As you’d expect, it’s all about spending those resources to pick up cards, and it’s here where the pyramid layout is important. You begin the game with those five lowly cards which can be used either as Developments or Resources, and each turn must be played out in the following manner:

  • You MUST play a card in front of you as a Resource.
  • You MUST play a card as a Development, but you don’t have to you use the effect on it.
  • You MAY buy one of the cards from the ones on the table
  • …and that’s pretty much it, apart from the thinking that you’ve just done the wrong thing and everyone is secretly laughing at you inwardly.

Each Development card has a cost shown on its right-hand side, but you may only purchase cards that are ‘open’ – in other words, the ones that have no other cards underneath them. (Actually, this is something of a fib – you can buy whatever cards you like in G&S, but each card below the one that you want to pick up will cost you one extra resource, meaning that things can get very expensive). As you start off with bugger all, you’ll be looking to slowly work your way through the cards and, thematically, through the game’s technological ages. Food and Iron could combine to get you a Philosophy card, the reverse of which provides a Horse resource (res-horse?). Combine that Horse with another Iron and a Knight could be added to your tableau. Collect a handful of the correct resources and you could be grabbing a Wonder. It’s a simple but beautiful system that works very well indeed where even the whole ‘pay an extra resource for a higher up card’ thing fits into the game’s theme – after all, civilisations make surprising technological leaps all the time, so why couldn’t a people who are still using gunpowder come up with the concept of a tank? Da Vinci did stuff like this every day before breakfast!

Play begins...

The birth of a new Civilisation! Or several, at least.

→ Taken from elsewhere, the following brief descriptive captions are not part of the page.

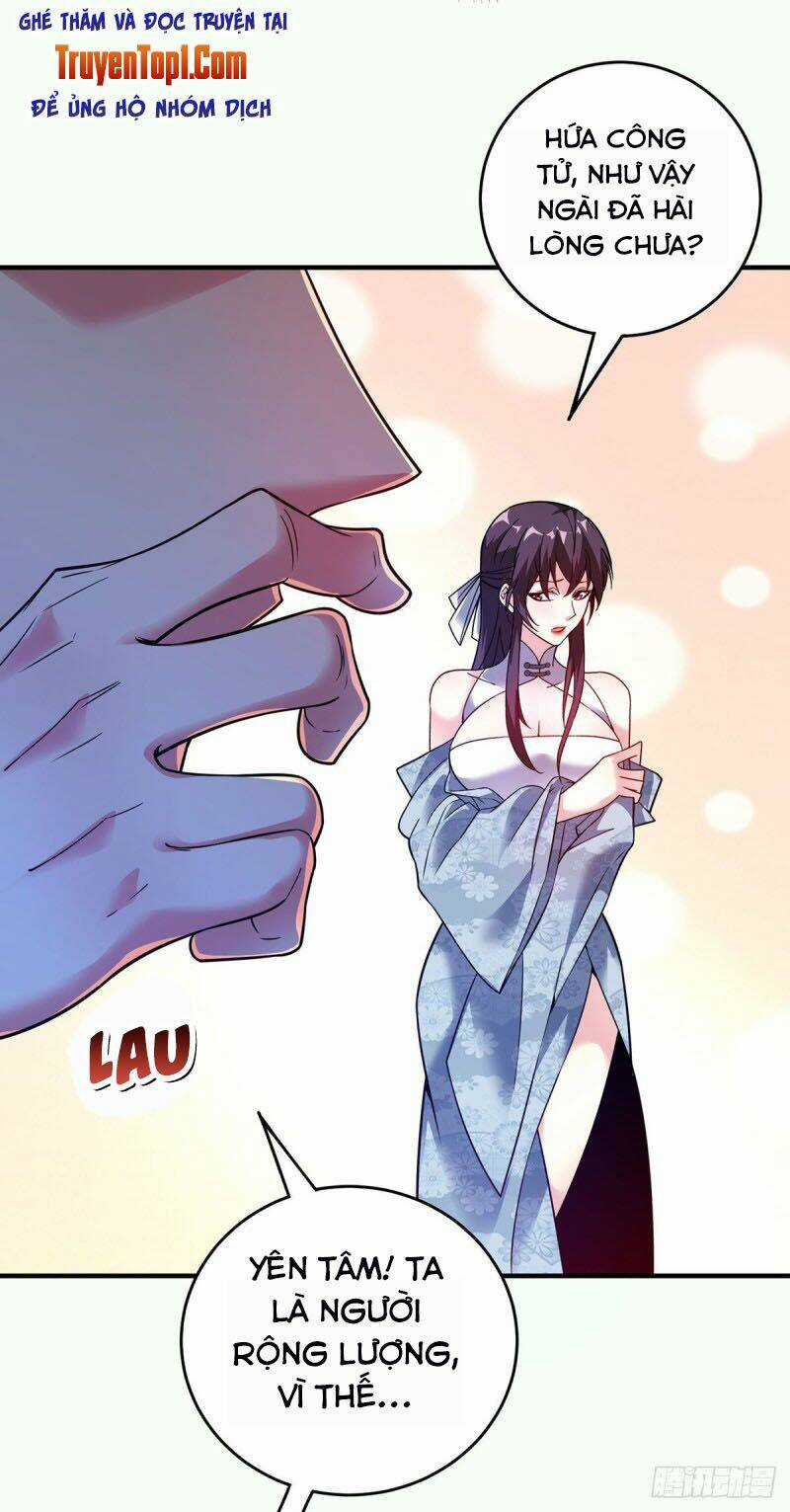 Vạn Cổ Đệ Nhất Tế - Chapter 64 - Trang 1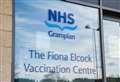 Appeal for remaining under 40s in Moray to get first dose of Covid-19 vaccine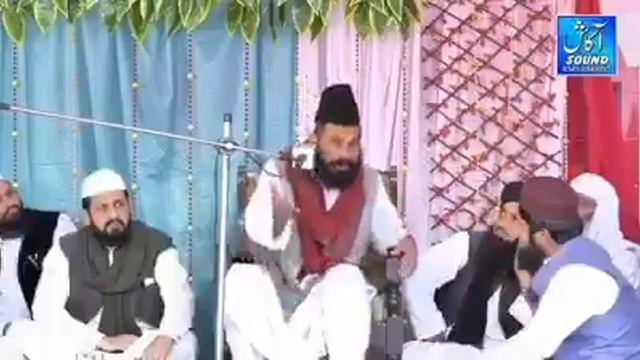 Labaik Labaik ya rasool lulah смотреть онлайн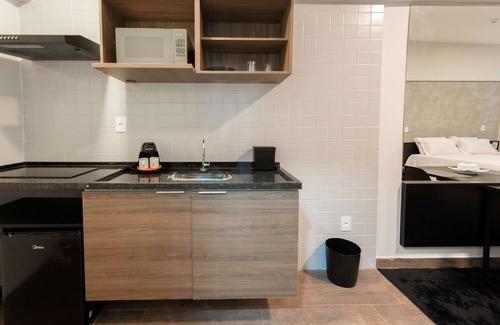 Sorocaba Bed & Breakfast | Tulip Inn Sorocaba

No civ game worth its salt would forget combat and with a name like Guns & Steel, this one has it there at its forefront – if you want it. Red cards are for attacking your opponents, and a successful battle is determined by who has the higher amount of military strength symbols in their tableau. Aggressors must be careful though, as their opposition can play cards from their hands in retaliation, so even though someone may look weak and a tempting target they could turn the tables on you – another splendidly sneaky way in which G&S works so well. Of course, you may choose a more pacifist attitude which is a totally viable attitude to take too. Once you start pulling in cards from the Gunpowder Age onwards, you’re immediately scoring points, so quiet development of your own part of the world while others all around you are losing their tempers can prove most fruitful.

I must admit that I was somewhat surprised when I saw that Guns & Steel wasn’t in the Essen 2015 line-up for Japon Brand – to me it feels like the perfect match for them. It’s portable yet deeply satisfying to play. It’s simple to get your head around but lends itself to a higher level of thought that you may initially consider. Sure, it’s not the prettiest game on the shelf, but its stark graphical style means – to me, anyway – that you get to see the information you need quickly, and frankly I rather like the way it looks. This game means business, no screwing around. Set it up, improve the lot of your people, and reach for the stars – or, in Guns & Steel’s case, the International Space Station at least. And all in around thirty minutes? Publishers should be biting off Jesse Li’s hand.

Guns & Steel plays with between two and four people with games taking around twenty to thirty minutes . Designed by Jesse Li, it’s available now through the guys at Board Game Bliss in Canada, and according to the game’s translator (the splendid Desnet Amane) there’ll also be limited quantities soon on the BGG Store in the near future. Best of all, the guys will be making their way to Essen 2015, so you’ll be able to pick up a copy there too. And you should. You really, really should.